Kergan’s body has not been found. He was declared legally dead by the courts in 1986. But investigators were able to make an arrest in the nearly 30-year-old murder case when, as part of cold case review, the blood in the car was re-examined.

In March of this year, Baton Rouge police placed Det. John Dotchier in charge of re-examining the department’s hundreds of cold cases. Kergan’s death became the first one in which the enthusiastic detective got a break when blood from Kergan’s Cadillac was re-tested at the Louisiana State Police Crime Lab. DNA analysis showed that the blood belonged to Kergan.

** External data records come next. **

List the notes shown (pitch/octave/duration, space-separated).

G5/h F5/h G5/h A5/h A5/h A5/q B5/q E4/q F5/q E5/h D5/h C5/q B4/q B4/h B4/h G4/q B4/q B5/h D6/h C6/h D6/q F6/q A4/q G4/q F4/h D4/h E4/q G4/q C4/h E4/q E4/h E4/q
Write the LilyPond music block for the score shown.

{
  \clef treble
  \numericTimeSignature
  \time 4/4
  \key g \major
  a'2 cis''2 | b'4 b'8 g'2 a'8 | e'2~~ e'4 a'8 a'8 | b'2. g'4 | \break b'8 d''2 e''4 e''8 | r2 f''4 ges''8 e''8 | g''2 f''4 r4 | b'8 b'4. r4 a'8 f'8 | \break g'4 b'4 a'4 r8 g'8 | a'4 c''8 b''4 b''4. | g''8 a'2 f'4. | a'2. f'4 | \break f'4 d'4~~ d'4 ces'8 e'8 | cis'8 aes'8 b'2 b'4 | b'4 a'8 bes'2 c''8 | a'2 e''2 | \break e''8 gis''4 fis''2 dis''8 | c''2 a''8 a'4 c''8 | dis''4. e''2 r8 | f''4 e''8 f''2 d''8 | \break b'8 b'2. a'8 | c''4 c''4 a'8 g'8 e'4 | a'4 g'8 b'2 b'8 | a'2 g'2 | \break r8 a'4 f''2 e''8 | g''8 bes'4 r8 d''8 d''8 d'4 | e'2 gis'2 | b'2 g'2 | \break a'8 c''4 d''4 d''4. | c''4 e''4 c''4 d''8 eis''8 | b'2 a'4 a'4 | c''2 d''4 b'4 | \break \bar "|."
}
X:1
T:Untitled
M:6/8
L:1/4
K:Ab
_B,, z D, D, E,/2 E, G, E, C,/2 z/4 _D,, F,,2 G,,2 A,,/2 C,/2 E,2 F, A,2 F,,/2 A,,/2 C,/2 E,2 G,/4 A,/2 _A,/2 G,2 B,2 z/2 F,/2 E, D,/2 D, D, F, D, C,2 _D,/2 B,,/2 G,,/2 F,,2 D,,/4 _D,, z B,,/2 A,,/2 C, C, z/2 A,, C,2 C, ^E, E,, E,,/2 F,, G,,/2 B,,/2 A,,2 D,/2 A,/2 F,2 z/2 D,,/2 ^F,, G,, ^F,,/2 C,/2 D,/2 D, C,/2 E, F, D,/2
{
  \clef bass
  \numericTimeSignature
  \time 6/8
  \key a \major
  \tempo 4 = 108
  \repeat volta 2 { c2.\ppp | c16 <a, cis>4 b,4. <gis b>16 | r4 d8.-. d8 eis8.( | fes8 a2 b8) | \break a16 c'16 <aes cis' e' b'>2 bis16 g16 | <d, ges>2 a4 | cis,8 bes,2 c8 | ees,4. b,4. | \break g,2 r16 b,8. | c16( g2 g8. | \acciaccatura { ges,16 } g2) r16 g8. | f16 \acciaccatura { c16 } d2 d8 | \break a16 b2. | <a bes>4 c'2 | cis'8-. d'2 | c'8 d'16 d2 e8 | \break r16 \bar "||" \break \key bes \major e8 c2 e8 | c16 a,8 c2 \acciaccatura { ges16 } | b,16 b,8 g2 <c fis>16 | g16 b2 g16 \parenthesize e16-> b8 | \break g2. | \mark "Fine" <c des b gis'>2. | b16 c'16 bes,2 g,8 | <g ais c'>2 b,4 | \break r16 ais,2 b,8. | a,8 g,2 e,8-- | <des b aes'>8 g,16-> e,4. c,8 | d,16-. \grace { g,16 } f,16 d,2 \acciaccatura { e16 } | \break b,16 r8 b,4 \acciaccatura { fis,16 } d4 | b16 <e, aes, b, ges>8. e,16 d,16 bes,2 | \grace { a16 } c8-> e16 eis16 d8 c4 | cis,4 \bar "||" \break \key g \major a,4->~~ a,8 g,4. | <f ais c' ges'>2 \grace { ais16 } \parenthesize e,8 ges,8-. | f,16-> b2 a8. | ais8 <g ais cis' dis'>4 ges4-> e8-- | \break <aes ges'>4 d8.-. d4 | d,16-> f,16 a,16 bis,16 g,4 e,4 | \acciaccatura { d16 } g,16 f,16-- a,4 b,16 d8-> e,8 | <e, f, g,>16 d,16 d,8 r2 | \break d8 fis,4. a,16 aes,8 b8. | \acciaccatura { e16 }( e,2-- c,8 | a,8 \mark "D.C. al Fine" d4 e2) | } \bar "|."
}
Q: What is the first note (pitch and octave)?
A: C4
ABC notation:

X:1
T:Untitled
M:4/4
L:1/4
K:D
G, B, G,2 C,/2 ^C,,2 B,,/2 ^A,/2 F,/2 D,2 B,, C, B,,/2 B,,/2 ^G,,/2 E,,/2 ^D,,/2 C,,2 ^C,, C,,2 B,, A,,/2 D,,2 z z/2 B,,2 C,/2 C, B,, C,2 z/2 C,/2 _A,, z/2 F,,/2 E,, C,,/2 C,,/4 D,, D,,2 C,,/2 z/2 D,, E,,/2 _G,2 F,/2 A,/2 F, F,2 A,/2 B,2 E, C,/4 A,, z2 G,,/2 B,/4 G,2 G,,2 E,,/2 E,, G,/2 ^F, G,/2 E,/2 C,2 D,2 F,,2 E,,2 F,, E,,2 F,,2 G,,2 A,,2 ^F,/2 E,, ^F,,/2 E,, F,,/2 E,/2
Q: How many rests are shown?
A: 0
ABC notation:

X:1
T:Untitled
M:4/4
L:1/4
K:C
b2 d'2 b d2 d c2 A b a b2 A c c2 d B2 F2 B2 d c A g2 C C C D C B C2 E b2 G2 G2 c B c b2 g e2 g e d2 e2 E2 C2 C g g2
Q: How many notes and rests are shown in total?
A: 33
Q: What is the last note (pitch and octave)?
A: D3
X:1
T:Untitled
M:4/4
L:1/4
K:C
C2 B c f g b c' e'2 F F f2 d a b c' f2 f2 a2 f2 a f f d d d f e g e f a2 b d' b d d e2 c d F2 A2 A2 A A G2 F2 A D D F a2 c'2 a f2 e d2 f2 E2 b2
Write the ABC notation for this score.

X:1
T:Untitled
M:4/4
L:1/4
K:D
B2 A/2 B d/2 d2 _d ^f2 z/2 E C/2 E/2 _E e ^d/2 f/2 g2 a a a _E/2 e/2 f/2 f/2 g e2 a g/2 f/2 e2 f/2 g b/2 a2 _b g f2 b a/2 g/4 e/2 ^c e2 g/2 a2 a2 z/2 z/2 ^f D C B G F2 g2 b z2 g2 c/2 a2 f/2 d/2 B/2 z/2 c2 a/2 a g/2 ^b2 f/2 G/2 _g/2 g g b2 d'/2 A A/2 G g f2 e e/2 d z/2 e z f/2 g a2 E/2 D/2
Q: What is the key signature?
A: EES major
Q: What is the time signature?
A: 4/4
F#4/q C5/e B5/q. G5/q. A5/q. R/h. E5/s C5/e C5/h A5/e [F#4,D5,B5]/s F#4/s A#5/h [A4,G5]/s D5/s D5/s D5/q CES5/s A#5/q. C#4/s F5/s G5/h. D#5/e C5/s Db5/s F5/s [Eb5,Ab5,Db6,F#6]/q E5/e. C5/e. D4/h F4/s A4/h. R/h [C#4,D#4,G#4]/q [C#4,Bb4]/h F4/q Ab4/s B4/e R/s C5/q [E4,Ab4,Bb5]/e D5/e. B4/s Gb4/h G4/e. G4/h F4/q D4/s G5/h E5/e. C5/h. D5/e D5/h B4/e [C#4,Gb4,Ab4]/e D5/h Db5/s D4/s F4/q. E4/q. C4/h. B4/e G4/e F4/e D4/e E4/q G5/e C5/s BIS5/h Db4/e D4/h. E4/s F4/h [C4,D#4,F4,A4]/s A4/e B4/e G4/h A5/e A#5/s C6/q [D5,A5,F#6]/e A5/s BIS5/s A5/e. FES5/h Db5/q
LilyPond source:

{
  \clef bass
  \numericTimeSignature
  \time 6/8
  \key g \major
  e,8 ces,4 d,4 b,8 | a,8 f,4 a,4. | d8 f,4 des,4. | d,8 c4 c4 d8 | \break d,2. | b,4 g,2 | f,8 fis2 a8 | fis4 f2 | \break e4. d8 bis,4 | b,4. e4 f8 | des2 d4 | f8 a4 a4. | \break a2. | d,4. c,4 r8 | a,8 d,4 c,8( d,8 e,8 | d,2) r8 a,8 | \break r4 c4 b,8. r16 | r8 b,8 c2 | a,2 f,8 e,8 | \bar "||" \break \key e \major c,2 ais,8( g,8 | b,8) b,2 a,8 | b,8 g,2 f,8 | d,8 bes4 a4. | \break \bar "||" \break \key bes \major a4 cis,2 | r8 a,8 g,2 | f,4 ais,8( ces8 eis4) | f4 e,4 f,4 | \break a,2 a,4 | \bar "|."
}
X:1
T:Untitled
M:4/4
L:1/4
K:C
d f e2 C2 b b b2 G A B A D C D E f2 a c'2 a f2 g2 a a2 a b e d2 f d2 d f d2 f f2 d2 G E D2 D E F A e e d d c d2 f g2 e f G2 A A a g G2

“We’ve got hundreds of unsolved cases, and this one was looked at this year,” Kelly said. “When he saw this one with the blood, he could have swung and missed. It’s the first one he’s solved.”

Kelly said he district attorney’s office believes that it now has enough evidence to convict Mulla and Dunnagan.

He has been charged with first-degree murder, she has been charged with second-degree murder and both have been charged with criminal conspiracy and simple robbery. They won’t be arraigned until they are returned to Baton Rouge to face formal charges.